= Dataset entries =
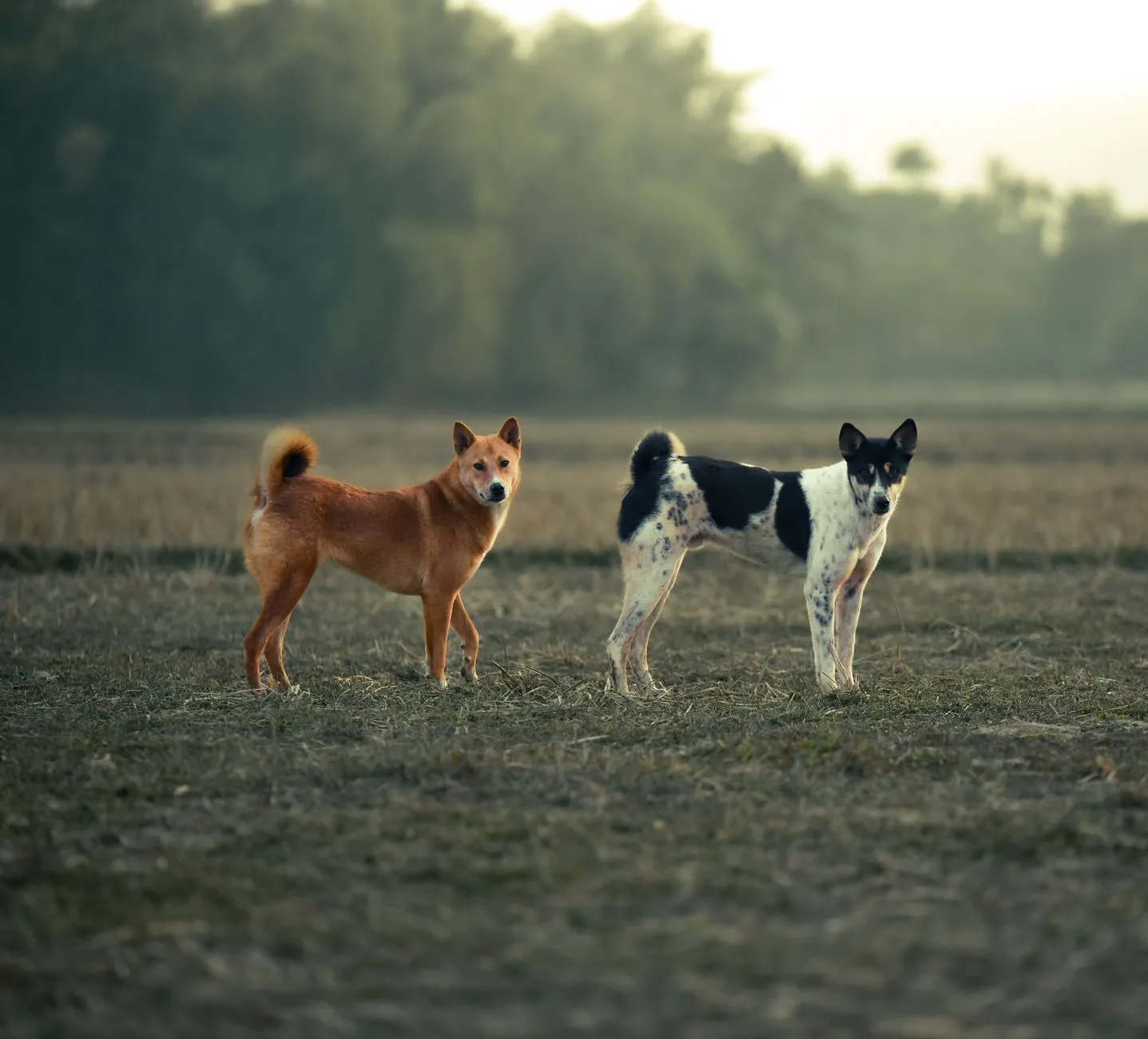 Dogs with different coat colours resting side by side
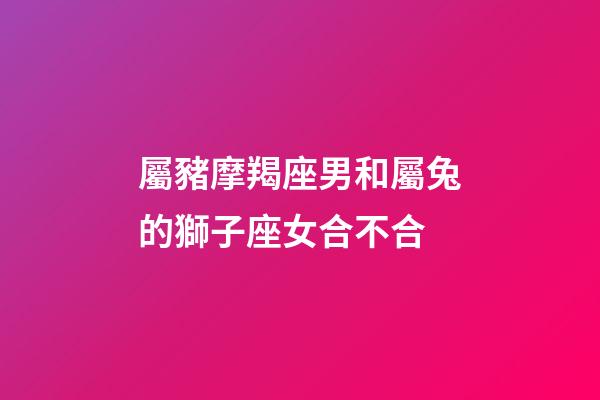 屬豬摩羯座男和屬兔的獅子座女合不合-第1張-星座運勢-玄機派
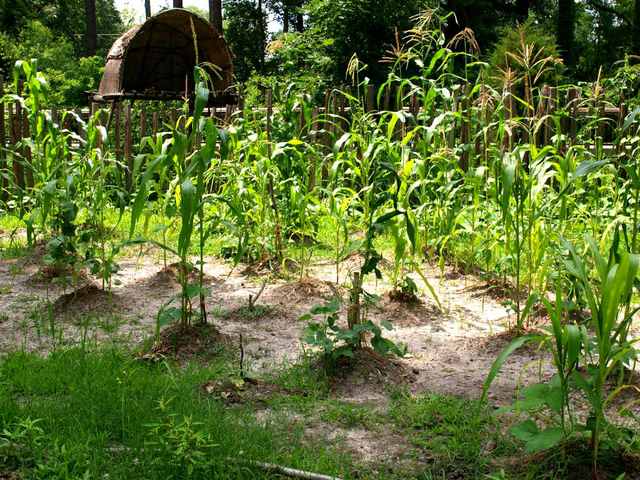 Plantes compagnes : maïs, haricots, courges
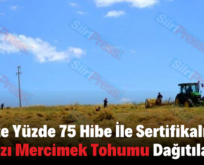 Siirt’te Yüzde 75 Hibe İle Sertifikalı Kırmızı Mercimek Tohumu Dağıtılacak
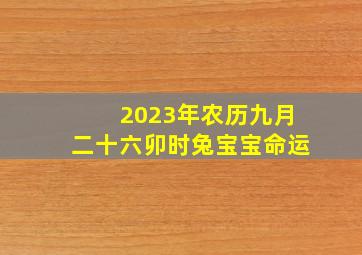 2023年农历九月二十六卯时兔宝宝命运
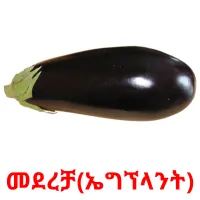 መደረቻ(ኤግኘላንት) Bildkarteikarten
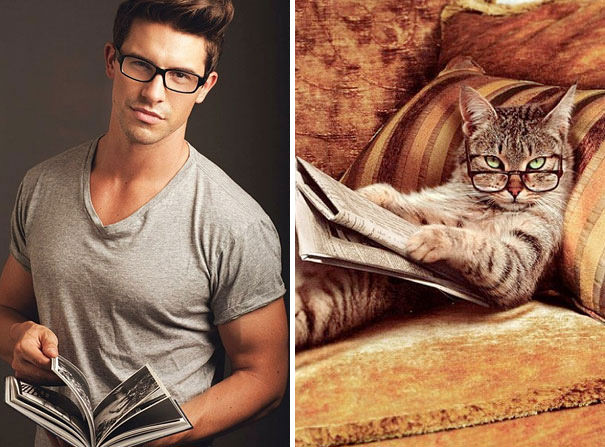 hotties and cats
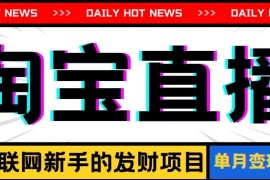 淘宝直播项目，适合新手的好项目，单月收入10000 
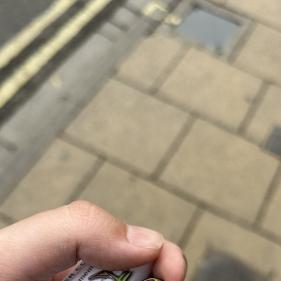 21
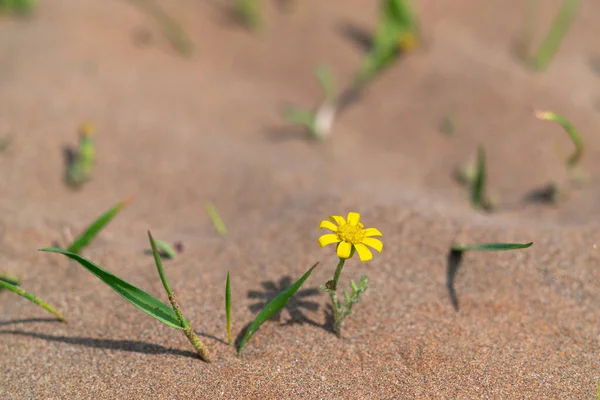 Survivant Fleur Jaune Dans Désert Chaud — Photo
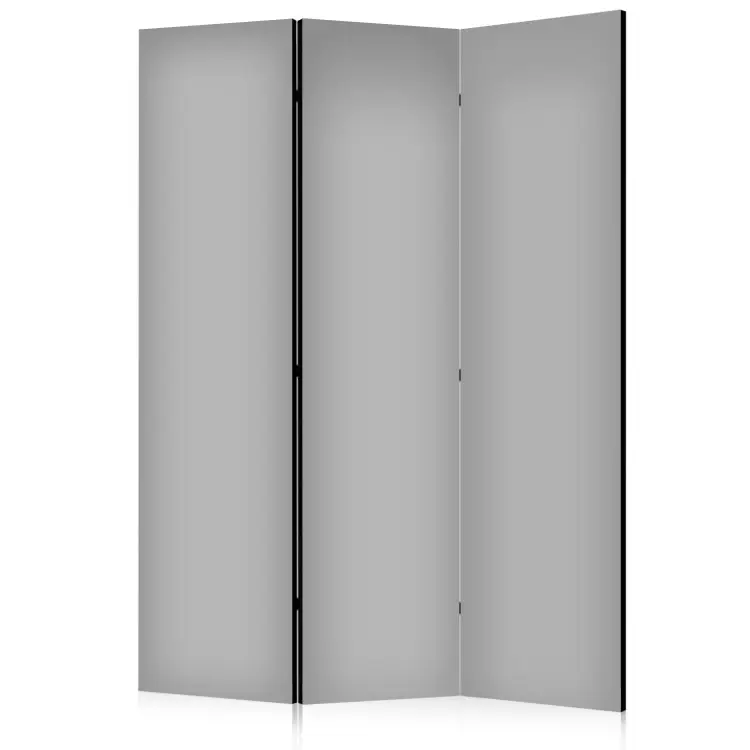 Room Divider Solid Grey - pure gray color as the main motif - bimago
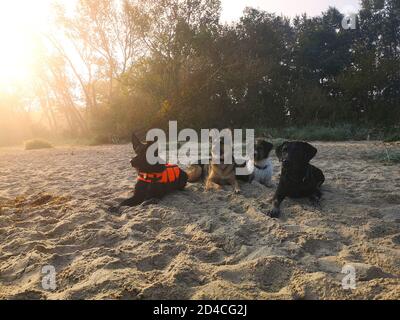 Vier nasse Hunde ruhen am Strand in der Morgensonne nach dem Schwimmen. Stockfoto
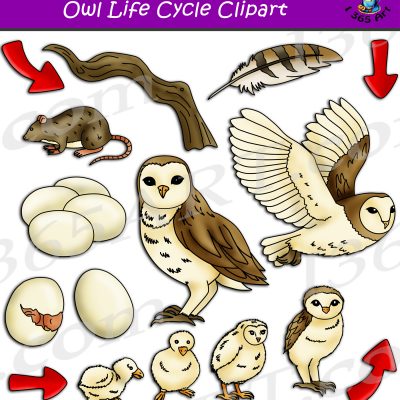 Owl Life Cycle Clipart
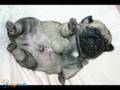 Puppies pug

= Task directions =
With all pictures omitted, return exactly the lines from the one containing "2023年农历九月二十六卯时兔宝宝命运" through the end of the entries above.

= Exercise output =
 2023年农历九月二十六卯时兔宝宝命运
 መደረቻ(ኤግኘላንት) Bildkarteikarten
 hotties and cats
 淘宝直播项目，适合新手的好项目，单月收入10000 
 21
 Survivant Fleur Jaune Dans Désert Chaud — Photo
 Room Divider Solid Grey - pure gray color as the main motif - bimago
 Vier nasse Hunde ruhen am Strand in der Morgensonne nach dem Schwimmen. Stockfoto
 Owl Life Cycle Clipart
 Puppies pug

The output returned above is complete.